A lot of the time I spend "working" on the layout is just...looking and thinking. I've found that trying to do anything too quickly just means that I don't like what I did and I have to re-do/un-do it. I made a lot of "progress" (if you want to call it that, since the last post here) on the area around the underpass. I had to come up with some background images, which isn't easy when you're trying to get various things to fit together from the right sizes and angles. The steel warehouse structure is still un-named, I haven't figure out what they're going to do there. But those are pretty ubiquitous around here, they store things, they fabricate things, they ship things. I still hate working with plaster, but I had enough left to create the blacktop areas around the building. Part of me is like, man I fit more into a 4x8 table when I was younger, how does this take up so much space? The answer is, because I'm putting a more realistic (using that term loosely) amount of truck space around it.

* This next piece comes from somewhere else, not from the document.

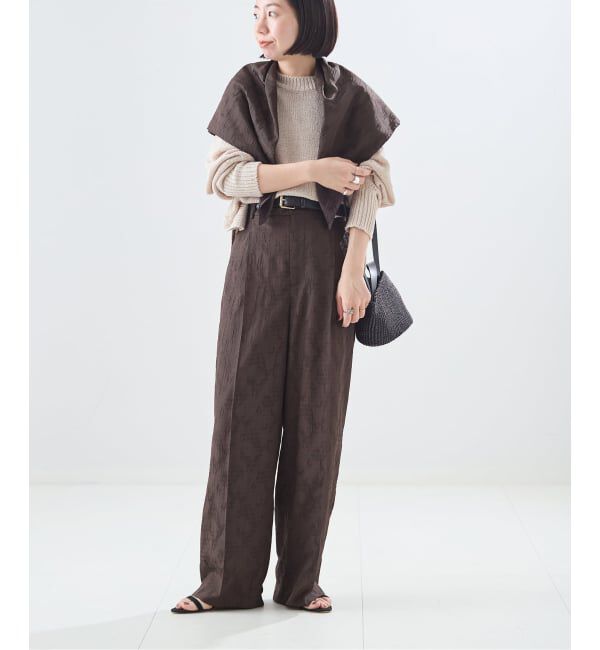 journal standard L'essage「《予約》IPEKERフラワー/ペイズリージャガード スカーフ付きパンツ」|その他|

It's almost half a year later, but the 3 cars here (an acid tank car, a Pan Am Railways boxcar, and a short mill gondola) came from the train show in Springfield, MA in January. That was the first time I've ever gone, and it's one of those things in life where the hype doesn't even match the reality. It makes every other train show seem piddly by comparison. I bought three cars and we had to tell ourselves, okay no more cars, but we could spend money on this or that. The size and scope just has to be seen to be believed. Unfortunately it's at about the worst time of the year for making a road trip, but the weather opened up just enough for this.
Lessons learned:
1. Print out lots of different options for a backdrop image, so you can compare them. What I ended up using was nowhere near what I first thought.
2. Don't glue anything on there till you're sure.
3. I've said it before, I'll say it again - keeping spare parts from past building kits comes in handy. I had enough parts to make a backdrop building for a Sonwil warehouse.
4. I still don't totally like what I did with the road fading into the distance - I feel like my freshman year high school art teacher would tell me I did it wrong - but there are enough times I go downstairs and it looks alright.
Up next:
1. Finish ground cover around that area, and let's make some trees.
2. A small building I have in mind to fill in an area between the brewery complex and the suburbs.
3. The chemical distributor kit for the other side of the layout.
4. I bought some chain-link fence kits. I feel like you could use a hundred of those if you wanted. Pretty much every business you see has fencing around it. I feel like the trick is, how do you place some fences around to give the illusion there's fencing around, without literally doing so.